Ave and I clicked our trekking poles across seemingly endless switchbacks as we made our way down 2,500 vertical feet to the crater’s floor. Oxblood-colored cinder cones sprouted up like enormous anthills, once endangered Haleakala silverswords greeted us like glowing anemones, and a pair of endemic nene geese waddled across the trail. With little other life surrounding us, it was as if we’d been teleported to Mars, rich copper and umber hues replacing the previous day’s verdant tapestry.

After a grueling return ascent in the unrelenting sun, we found our van and steered it to the top of Crater Road to check out the sunset near the Haleakala High Altitude Observatory. A sea of clouds hovered below my feet, making the volcano itself feel like an island atop an island.

Hung between heaven and earth, watching the sky turn flame orange, I found myself speechless and utterly grateful. Grateful to live in a country diverse enough to toss me into a rainforest one day, then drop me onto a Martian landscape the next. Grateful that the two coexisted in the very same national park.

 

63 Parks Traveler Haleakala Info

Size: 33,265 acres

Location: Southeastern Maui, Hawaii

Created In: 1916 (Hawaii National Park), 1961 (redesignated as Haleakala National Park)

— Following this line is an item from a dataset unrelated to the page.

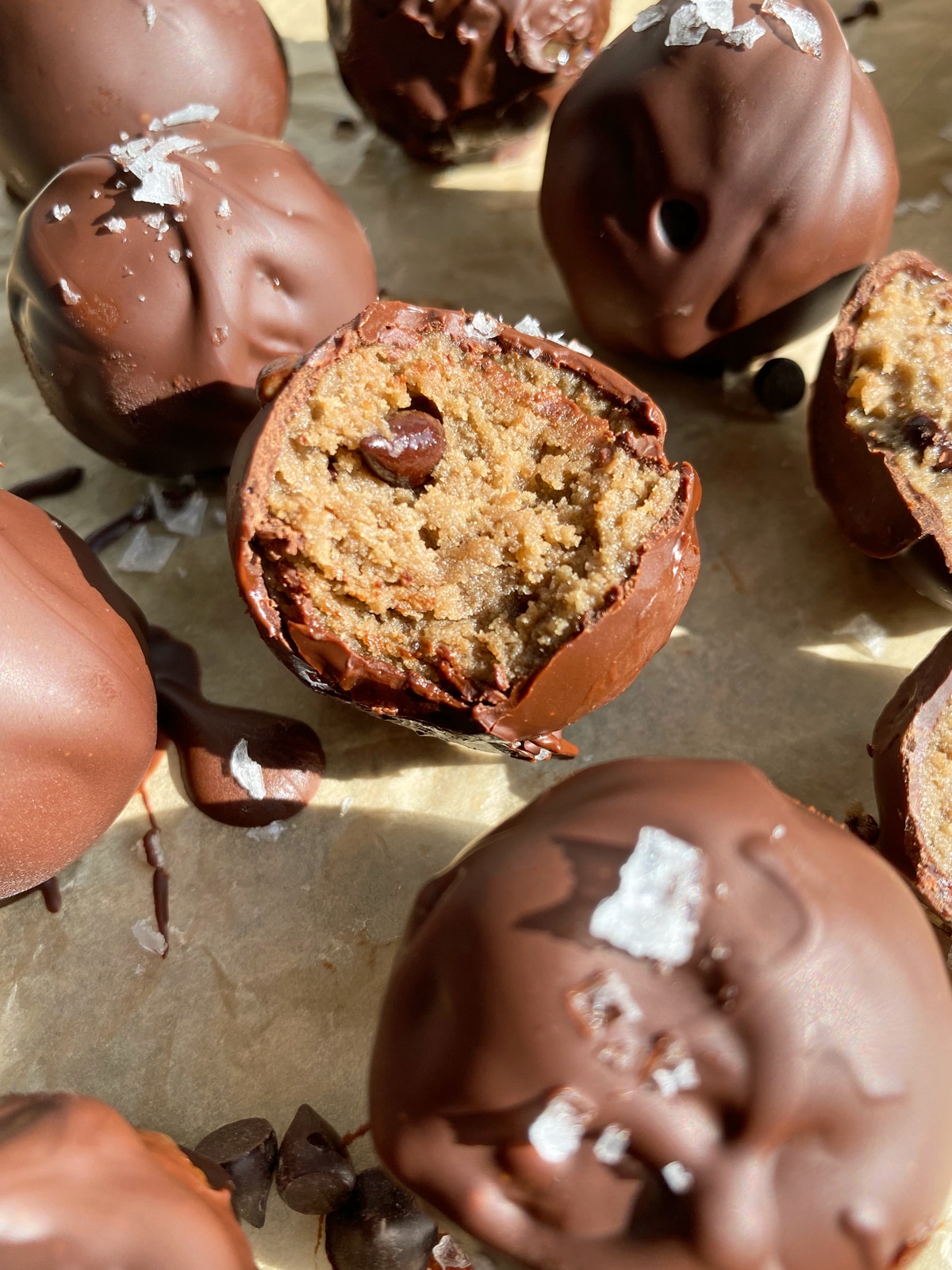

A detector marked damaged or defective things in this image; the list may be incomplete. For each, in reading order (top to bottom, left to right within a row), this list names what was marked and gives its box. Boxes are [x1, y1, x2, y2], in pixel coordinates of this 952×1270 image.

broken truffle half [225, 303, 698, 759]
broken truffle half [806, 249, 952, 565]
broken truffle half [876, 629, 952, 921]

Best For: Hiking, sunrise and sunset viewing, stargazing, backpacking, Native history

When to Go: Haleakala is known for having a wide range of temperatures, due to its extreme elevation shift from sea level to over 10,000 feet at the summit. Seasoned travelers recommend visiting the island of Maui in spring (55 to 74 degrees) or fall (58 to 77 degrees) to escape the crowds and enjoy moderate temperatures. Summer (59 to 78 degrees) sees less rain and more tourists, while winter (55 to 72 degrees) will be chilly and possibly snowy in the park’s Summit District, which is typically 30 degrees colder than it is on the coast.

Where to Stay: The park boasts two campgrounds for travelers who don’t mind roughing it. Hosmer Grove sits at a lofty 7,000 feet elevation, in the Summit District, and features sites with a picnic table, grill, pit toilets, and potable water. Kipahulu, not far from the Pipiwai Trail, offers similar amenities (although no water) and lies in the more tropical area of the park, overlooking stunning ocean cliffs. Both sites require advance reservations. Interested in backpacking? Haleakala also hosts three wilderness cabins inside the volcanic crater that also must be booked in advance.

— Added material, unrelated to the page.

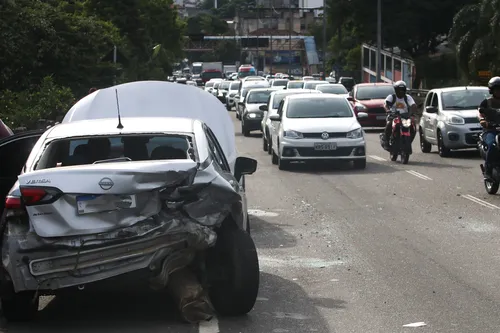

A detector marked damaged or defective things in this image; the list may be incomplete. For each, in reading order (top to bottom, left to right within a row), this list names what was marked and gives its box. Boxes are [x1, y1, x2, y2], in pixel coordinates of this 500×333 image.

broken taillight [19, 187, 62, 205]
damaged nissan suv [0, 81, 260, 322]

Mini Adventure: Watch the sunrise from the summit of Haleakala. This natural marvel is such a popular excursion that the National Park Service now requires a daily entry permit to drive up Crater Road between 3 A.M. and 7 A.M. If your morning coffee has bestowed you with enough energy to hike afterward, consider making the 1.1-mile journey along the Halemauu Trail to the first crater viewpoint.

Mega Adventure: Tackle the entire Keoneheehee Trail. Since this storied pathway is technically a thru-hike, the Park Service recommends parking your vehicle at the Halemauu Trailhead, then hitchhiking six miles up to the Keoneheehee (Sliding Sands) Trailhead, so that when you’re done for the day, you’ll have car access to drive back to your lodging. Along the way, keep an eye out for nene geese, silverswords, and a vibrant rust-tinted slope known as Pele’s Paint Pot.